_Task instructions_:
Print this span of the material below exactly: the line with "Tote Bag with", the line with "Red Midi Dress", and every line between them, but nothing else.

_Working data_:
* * *

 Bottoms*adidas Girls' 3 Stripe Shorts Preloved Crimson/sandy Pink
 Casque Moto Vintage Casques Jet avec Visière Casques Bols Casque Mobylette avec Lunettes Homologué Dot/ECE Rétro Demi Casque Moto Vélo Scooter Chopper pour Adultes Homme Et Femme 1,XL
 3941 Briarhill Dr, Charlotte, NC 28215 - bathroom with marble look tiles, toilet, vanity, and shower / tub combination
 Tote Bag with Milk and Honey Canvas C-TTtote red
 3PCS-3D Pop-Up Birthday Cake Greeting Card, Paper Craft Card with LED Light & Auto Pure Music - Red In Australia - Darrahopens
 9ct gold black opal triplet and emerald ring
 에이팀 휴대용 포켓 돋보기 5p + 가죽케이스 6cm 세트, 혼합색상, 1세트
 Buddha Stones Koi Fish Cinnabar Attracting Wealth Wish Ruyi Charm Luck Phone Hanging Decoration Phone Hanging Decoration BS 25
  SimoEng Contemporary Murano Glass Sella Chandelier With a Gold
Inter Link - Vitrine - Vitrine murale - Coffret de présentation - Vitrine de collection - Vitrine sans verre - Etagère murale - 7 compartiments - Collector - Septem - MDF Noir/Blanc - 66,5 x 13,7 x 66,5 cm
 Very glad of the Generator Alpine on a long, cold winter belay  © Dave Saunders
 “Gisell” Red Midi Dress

* * *

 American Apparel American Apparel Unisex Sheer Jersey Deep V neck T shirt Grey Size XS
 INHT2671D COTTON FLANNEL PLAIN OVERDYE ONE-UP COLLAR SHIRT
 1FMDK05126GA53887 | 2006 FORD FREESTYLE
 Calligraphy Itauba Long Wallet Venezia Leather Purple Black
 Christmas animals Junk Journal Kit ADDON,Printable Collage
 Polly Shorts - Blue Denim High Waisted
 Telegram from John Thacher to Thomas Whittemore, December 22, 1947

* * *

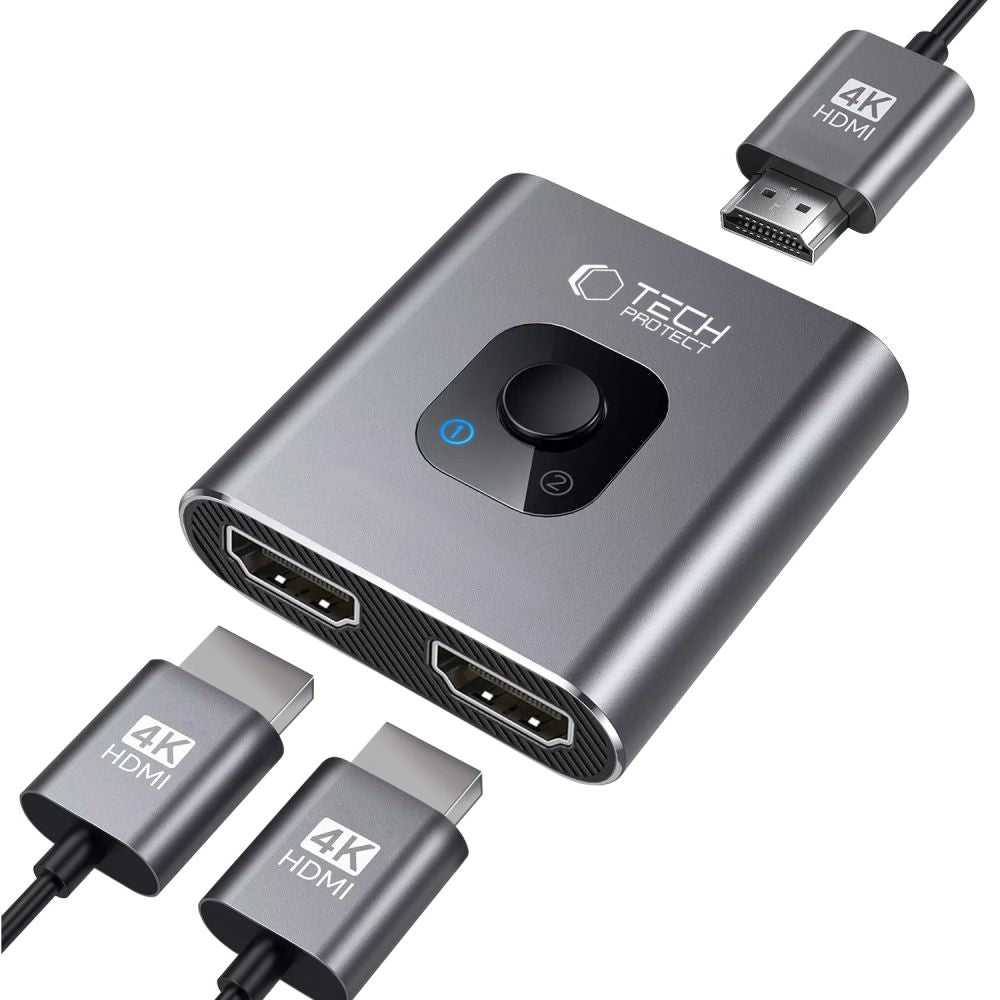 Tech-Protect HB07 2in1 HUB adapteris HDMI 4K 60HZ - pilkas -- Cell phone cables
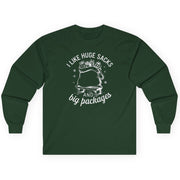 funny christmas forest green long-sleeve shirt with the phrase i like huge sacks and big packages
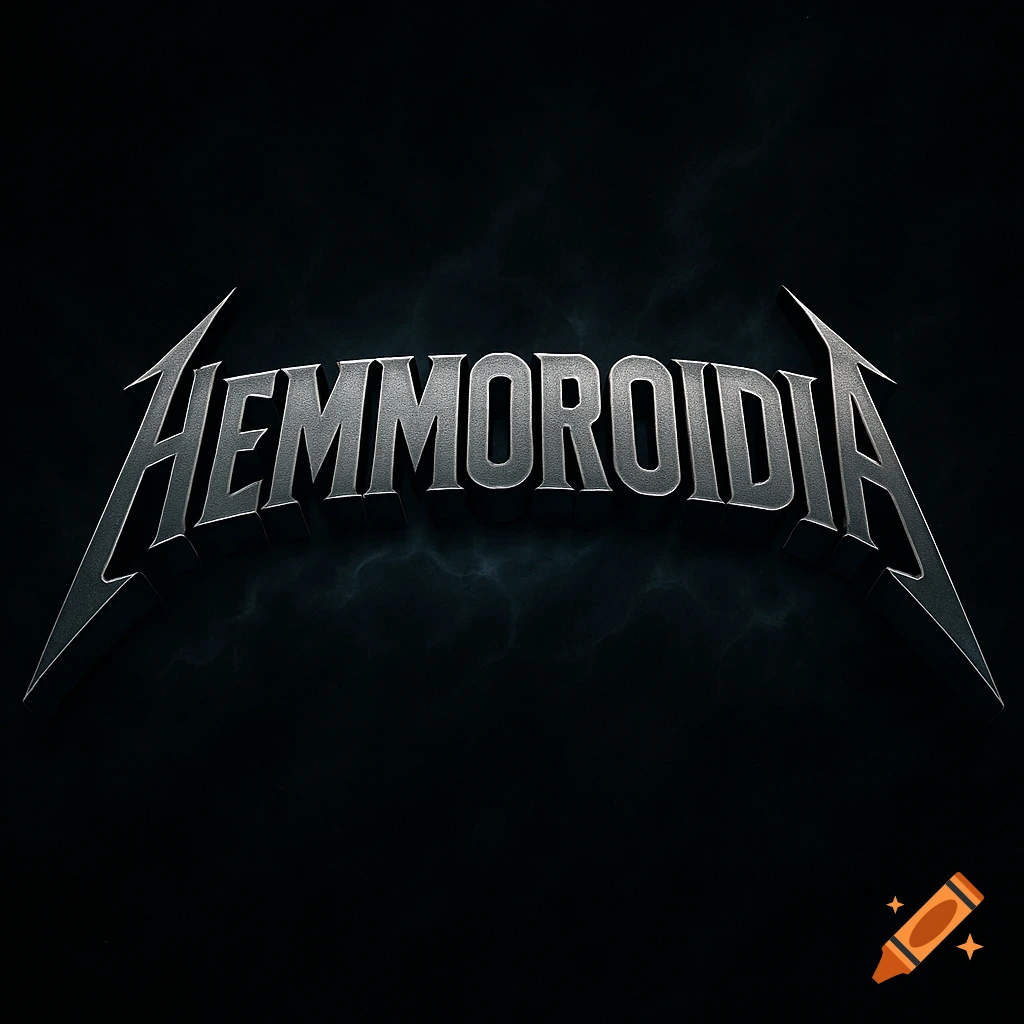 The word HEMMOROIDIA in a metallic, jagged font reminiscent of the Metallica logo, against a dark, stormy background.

* * *

_Output for this exercise_:
 Tote Bag with Milk and Honey Canvas C-TTtote red
 3PCS-3D Pop-Up Birthday Cake Greeting Card, Paper Craft Card with LED Light & Auto Pure Music - Red In Australia - Darrahopens
 9ct gold black opal triplet and emerald ring
 에이팀 휴대용 포켓 돋보기 5p + 가죽케이스 6cm 세트, 혼합색상, 1세트
 Buddha Stones Koi Fish Cinnabar Attracting Wealth Wish Ruyi Charm Luck Phone Hanging Decoration Phone Hanging Decoration BS 25
  SimoEng Contemporary Murano Glass Sella Chandelier With a Gold
Inter Link - Vitrine - Vitrine murale - Coffret de présentation - Vitrine de collection - Vitrine sans verre - Etagère murale - 7 compartiments - Collector - Septem - MDF Noir/Blanc - 66,5 x 13,7 x 66,5 cm
 Very glad of the Generator Alpine on a long, cold winter belay  © Dave Saunders
 “Gisell” Red Midi Dress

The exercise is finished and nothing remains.